# [EXERCISE OBJECTIVE]
Copy out all of the data that follows, exactly as it appears.

# [RAW DATA]
◆ ◆ ◆ ◆ ◆
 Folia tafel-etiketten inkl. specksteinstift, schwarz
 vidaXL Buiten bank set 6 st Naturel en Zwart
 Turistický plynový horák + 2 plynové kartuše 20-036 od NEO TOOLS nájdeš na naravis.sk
◆ ◆ ◆ ◆ ◆
# [SOLUTION TO THIS EXERCISE]
 Folia tafel-etiketten inkl. specksteinstift, schwarz
 vidaXL Buiten bank set 6 st Naturel en Zwart
 Turistický plynový horák + 2 plynové kartuše 20-036 od NEO TOOLS nájdeš na naravis.sk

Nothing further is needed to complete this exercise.